Election Committee hopefuls vow to tackle Hong Kong’s root problems

Election Committee hopefuls vow to tackle Hong Kong’s root problems

The housing crisis, opportunities for youth and judicial reform are among the priorities listed by business, professional and political leaders vying for seats.

Hong Kong’s business, professional and political leaders have vowed to pack the newly empowered 1,500-member Election Committee with an array of talent to push officials into solving some of the city’s most entrenched problems.

At Friday’s launch of the week-long nomination period for the powerful committee’s elections next month, they listed several of their priorities, including tackling the housing crisis, improving prospects for young people and reforming the judicial system.

Nearly 8,000 voters will elect up to 980 members to the committee on September 19 in the first major polls since Beijing overhauled the local electoral system to ensure the city would be governed by “patriots”.

The winners, together with 160 members to be named by designated professional and social groups, as well as 360 ex-officio members filling the other seats, will then be tasked with endorsing candidates for the Legislative Council elections slated for December and picking the chief executive next March.

Authorities received 251 nomination forms on Friday, consisting of 226 for elected seats and 25 from the designated bodies.


“Our mission is to elect a highly effective legislature which can monitor the government … We also need to counter the monopolies by capitalists, and resolve the city’s housing shortage,” said Stanley Ng Chau-pei, president of the Federation of Trade Unions (FTU), a pro-Beijing group fielding at least 50 candidates in September.

In the previous committee polls held in November 2016, about 230,000 voters were eligible to pick representatives, whose duties were mainly confined to selecting the leader.

But under Beijing’s shake-up, hundreds of representatives from district committees as well as prominent mainland Chinese groups were added to the body, and it was empowered to send 40 representatives to an expanded 90-member legislature.

Starry Lee, chairwoman of the Democratic Alliance for the Betterment and Progress of Hong Kong.


The FTU was among the first groups to sign up for the race on Friday, with its leadership saying the federation hoped to become an influential force in coming polls.

Ng hosted a short press briefing outside the Harbour Building in Sheung Wan, just before leading a group of colleagues to register their candidacies for the committee’s 60-member labour subsector.

“The federation will support at least 50 members in running in the September elections,” he said.

“We also want to reform the city’s judicial system, completely decolonise the city … as well as overhaul Hong Kong’s education system and media ecosystem,” Ng added, without elaborating further.

Ng is an ex officio member of the committee due to his role as a local deputy to the National People’s Congress, China’s legislature.

Pro-establishment lawmaker Starry Lee Wai-king, chairwoman of the Democratic Alliance for the Betterment and Progress of Hong Kong, said her party would also support and work alongside committee members seeking to improve how the city was run.
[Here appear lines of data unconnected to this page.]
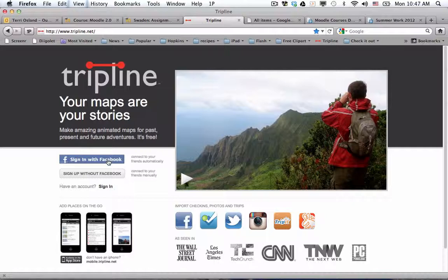You could use your Facebook account to sign into Tripline so you don't have to create another account. Just keep in mind that if you do that, you won't be able to log in while you're at school to make one. You can display one, but you can't make one at school because Facebook is blocked in our district right now, at least.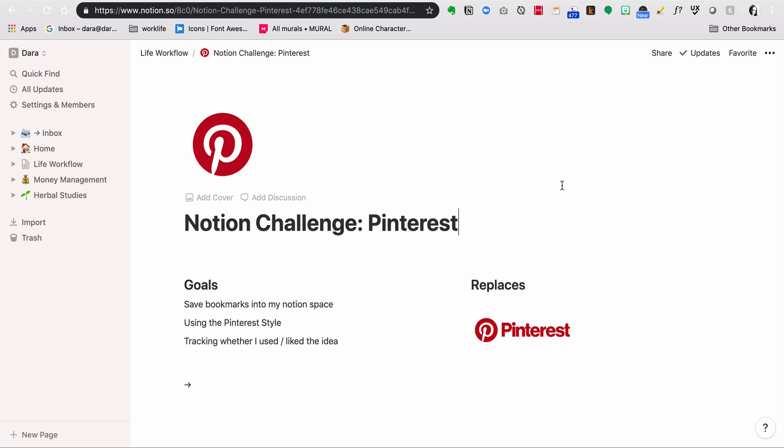Hello, this is Dara and I want to welcome you to my video on Notion. This is part of my series Notion Challenge, where I take something that I'm doing in another tool and bring it to my all-in-one space. Today I'm going to be talking about Pinterest.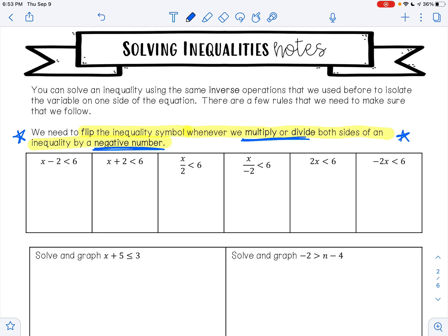When solving these inequalities, imagine the inequality symbol as the equal sign to help you solve. For example, I want to get x by itself. Right now I'm subtracting 2 from x. To undo subtraction, I'll do addition. I'm going to bring down my x. Negative 2 plus 2 is 0. I'm going to bring down my inequality symbol. 6 plus 2 is 8. So here my solution is x is less than 8, meaning any number less than 8 is a solution.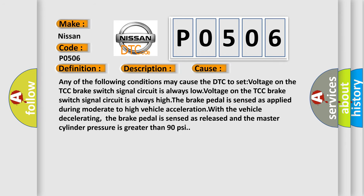Any of the following conditions may cause the DTC to set: voltage on the TCC brake switch signal circuit is always low, voltage on the TCC brake switch signal circuit is always high, the brake pedal is sensed as applied during moderate to high vehicle acceleration, with the vehicle decelerating the brake pedal is sensed as released and the master cylinder pressure is greater than 90 psi.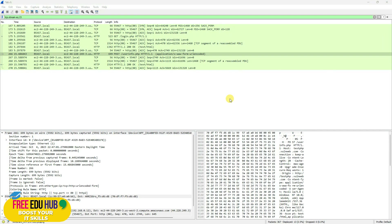This demonstrates that anyone sniffing the network can retrieve your username and password when sent over HTTP. The same applies to FTP and Telnet communications. This is why it is highly recommended to use secure protocols on your network so that all communications are encrypted and protected.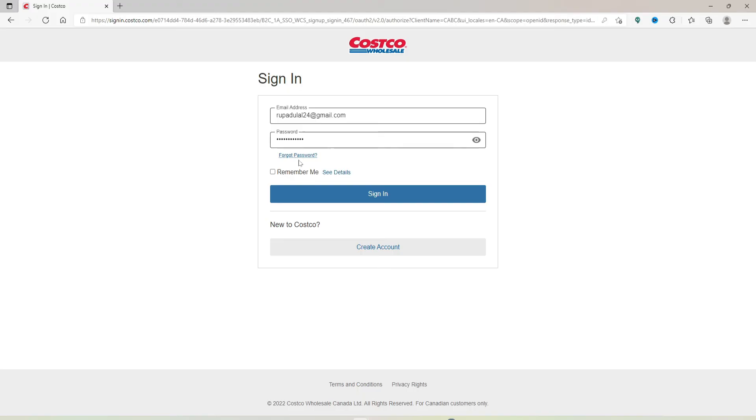Finally, click the Sign In button in blue beneath in order to log into your Costco account right away.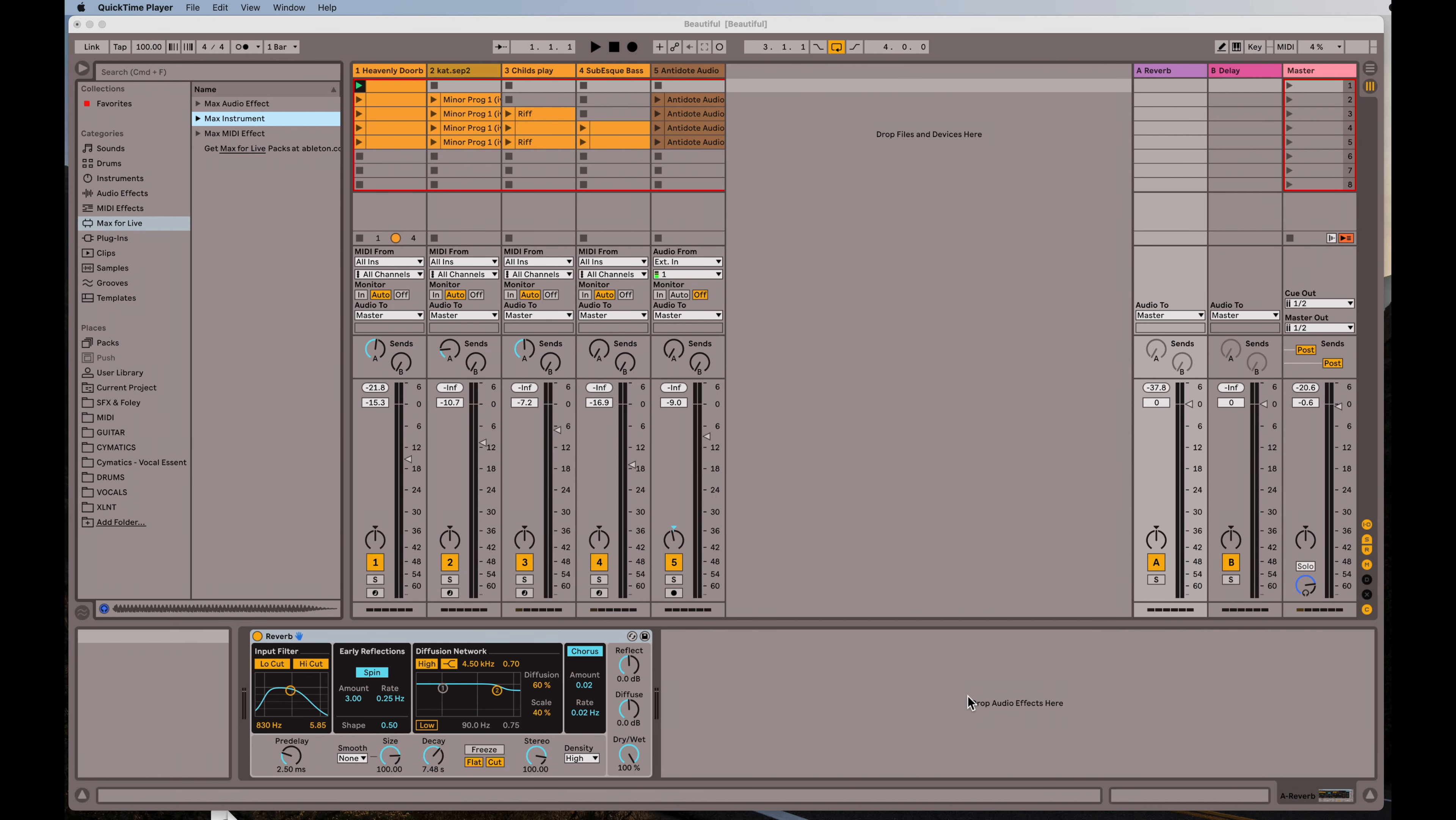Hello again there folks, DJ Bergstar here back with another tip of the day. So do you ever have one of those days where you just want to sit back and listen to something heavenly and beautiful? Well, today is one of those days.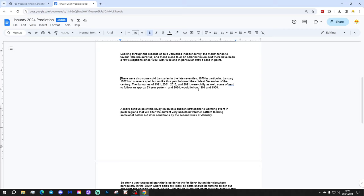Some tend to follow an approximate 33-year pattern, and 2024 will follow 1991 and 1958.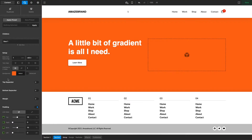Hey, what's going on guys? Josh Donnelly here with yet another Pro theme tutorial. This one is hopefully going to be another quick one, but this is one that I have used lately in a couple of client projects, so I thought you might find it useful as well — and that is how to apply a gradient color as a background or as an overlay to your designs.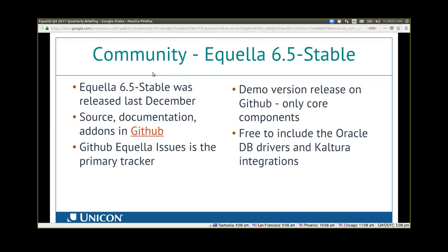The 6.5 stable release is a demo version. It has the core components of Aquela that were able to be licensed under the Apache license, which was a requirement from Aperio. When you build Aquela, you need a Java signing certificate to sign three jars required for the file manager, in-place file editor, and those kinds of things. The demo version has a self-signed certificate. It has only the core components, but folks are free to include the Oracle database drivers and Kaltura integrations, which are the two primary components that couldn't be included in the Aquela repo directly.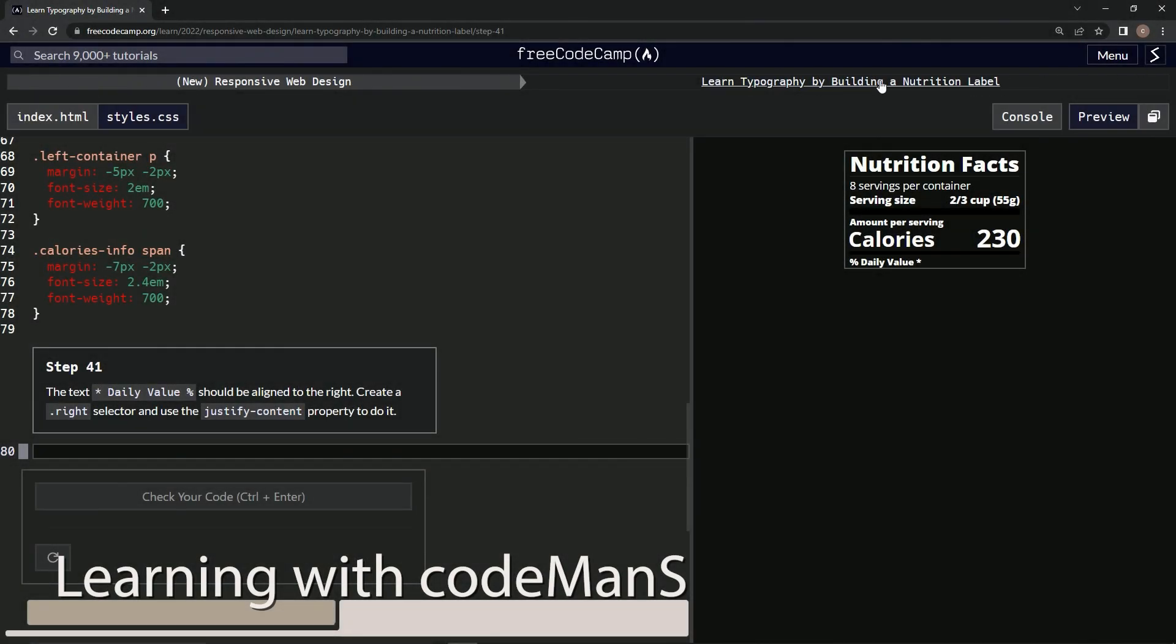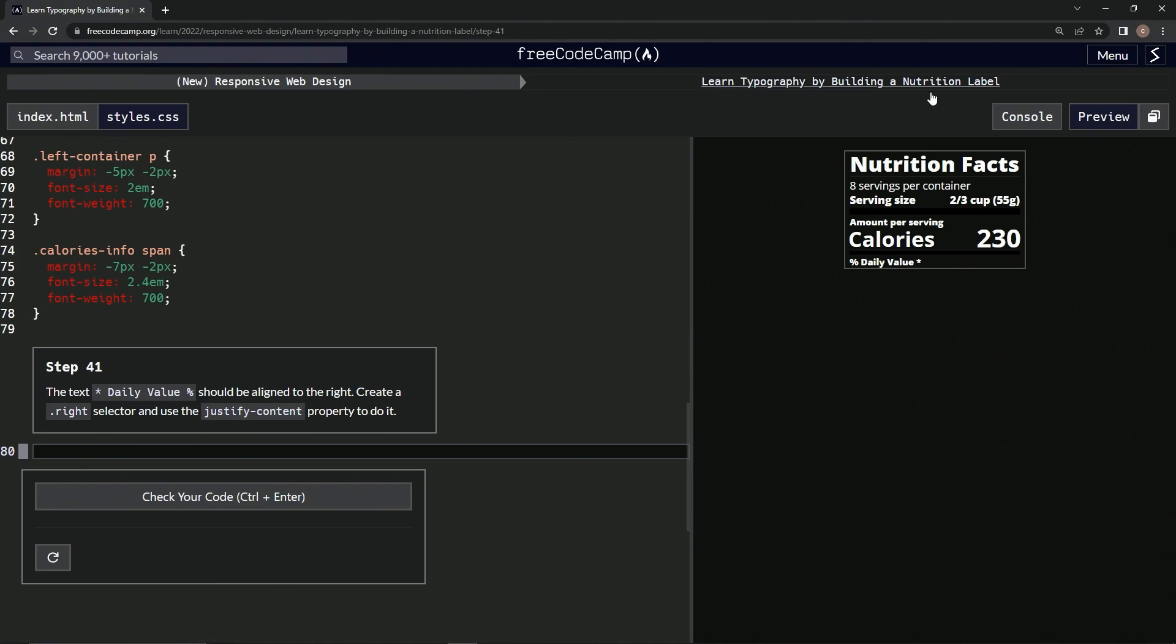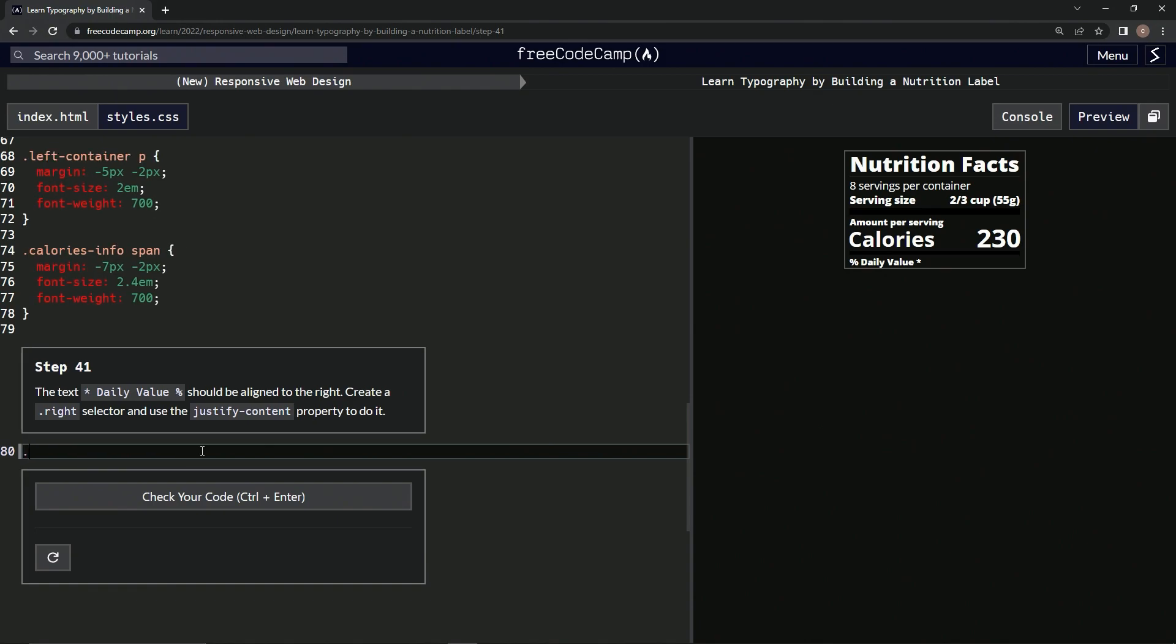All right, now we're doing FreeCodeCamp New Responsive Web Design, Learn Typography by Building a Nutrition Label, Step 41. So the text percent daily value should be aligned to the right. We're going to create a right selector and use the justify-content property to do it. Okay, so we're going to say dot right, all right.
“We will push for reforms in areas such as administration, land and housing, youth affairs, poverty and the judiciary,” she said.

Earlier on Friday, hopefuls in the catering, engineering and national organisations subsectors were seen submitting their nomination forms at the government’s Tamar headquarters, including Travel Industry Council chairman Jason Wong Chun-tat and entertainment mogul Allan Zeman.

Also spotted was a group of prominent engineering experts, including Otto Poon Lok-to, husband of justice minister Teresa Cheng Yeuk-wah, and former development chief Eric Ma Siu-cheung.

The engineers said the city’s economic and housing woes should be the top priorities for the next Legco and the city’s leader.

Also signing up were All-China Youth Federation vice-chairman Clarence Leung Wang-ching, who is the son of Legco president Andrew Leung Kwan-yuen, and billionaire Pansy Ho Chiu-king, chairwoman of the Hong Kong Federation of Women.

Once the nomination period closes next Thursday, the Candidate Eligibility Review Committee chaired by Chief Secretary John Lee Ka-chiu will examine the qualifications of the hopefuls and bar anyone deemed a threat to national security.

In an interview with Sing Tao Daily, Lee said a list of eligible candidates would be confirmed via the Government Gazette on August 26.

The No 2 official also said the vetting committee would not disqualify candidates for being critical of the government. But the process must ensure that candidates “truly uphold” Hong Kong’s mini-constitution, the Basic Law, and bear allegiance to the city as a special administrative region.

“Apart from obeying and supporting, upholding also requires sincerity,” Lee said. “If they did something that endangers national security, undermined the city’s overall interest, and failed to respect the nation’s systems and constitutional order … That’s different from criticising the government.”

The other members of the vetting committee are the city’s secretaries for constitutional affairs, home affairs and security, the former justice minister Elsie Leung Oi-sie, ex-Legco president Rita Fan Hsu Lai-tai and former Chinese University president Lawrence Lau Juen-yee.